*** Begin section ***

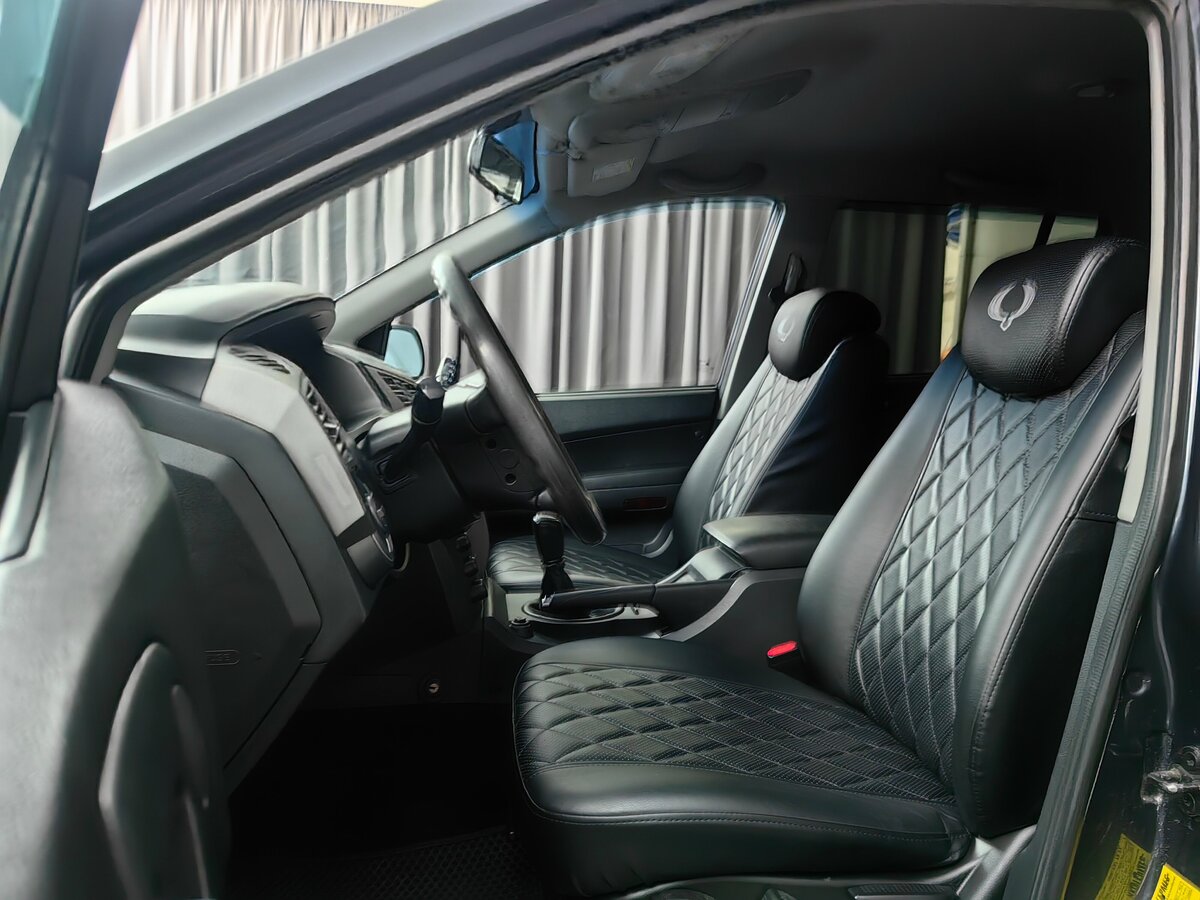 SsangYong - SsangYong Kyron I Рестайлинг, 2013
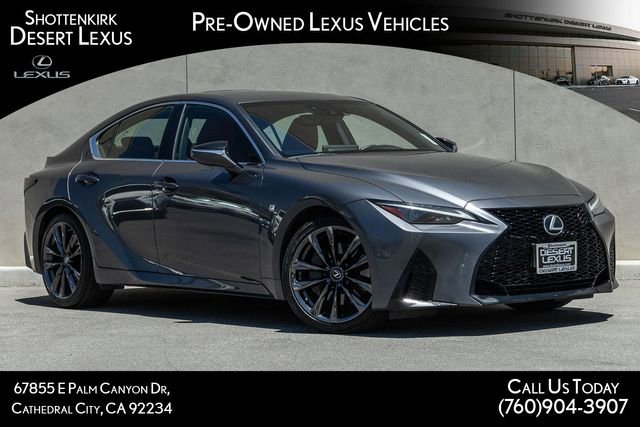 Used 2021 Lexus IS 350 F Sport w/ Navigation Package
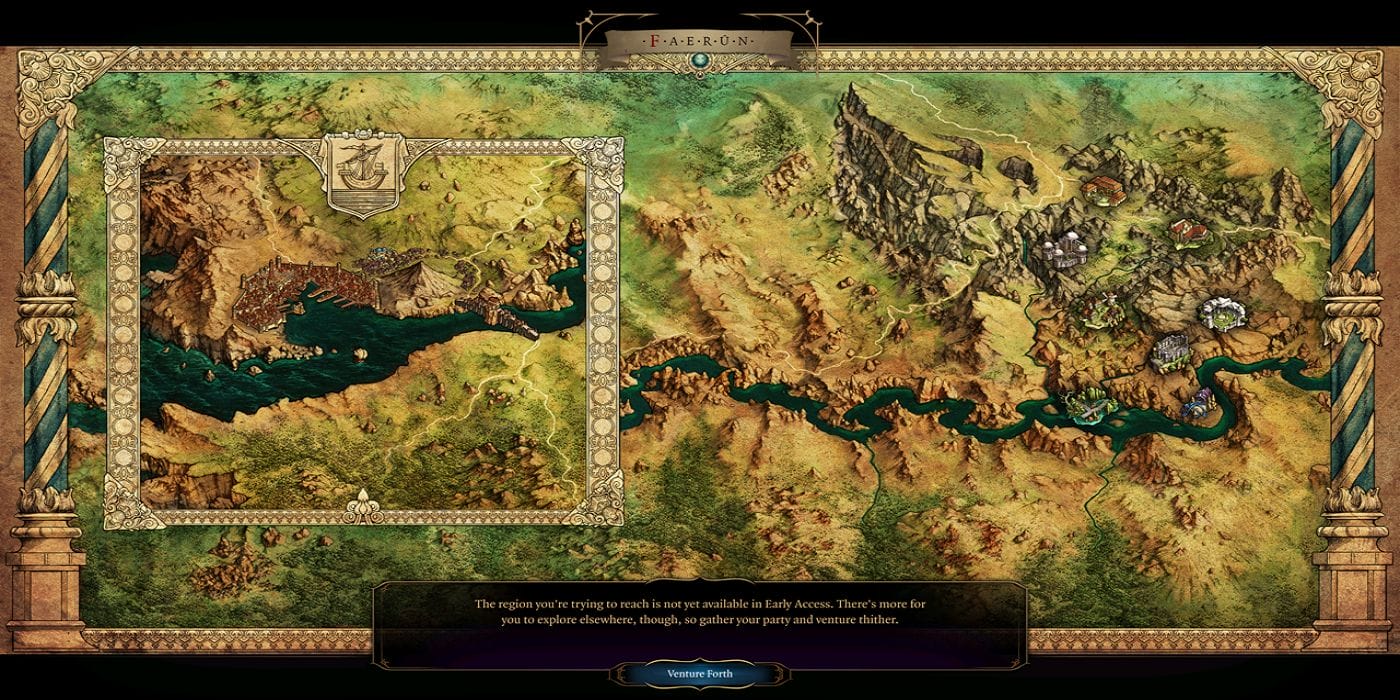 Baldur's Gate 3 Map: How Big It Is & What It Looks Like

*** End section ***

What you are asked to do
Copy out the material above in full and exactly, but with no pictures.

Result of this task
 SsangYong - SsangYong Kyron I Рестайлинг, 2013
 Used 2021 Lexus IS 350 F Sport w/ Navigation Package
 Baldur's Gate 3 Map: How Big It Is & What It Looks Like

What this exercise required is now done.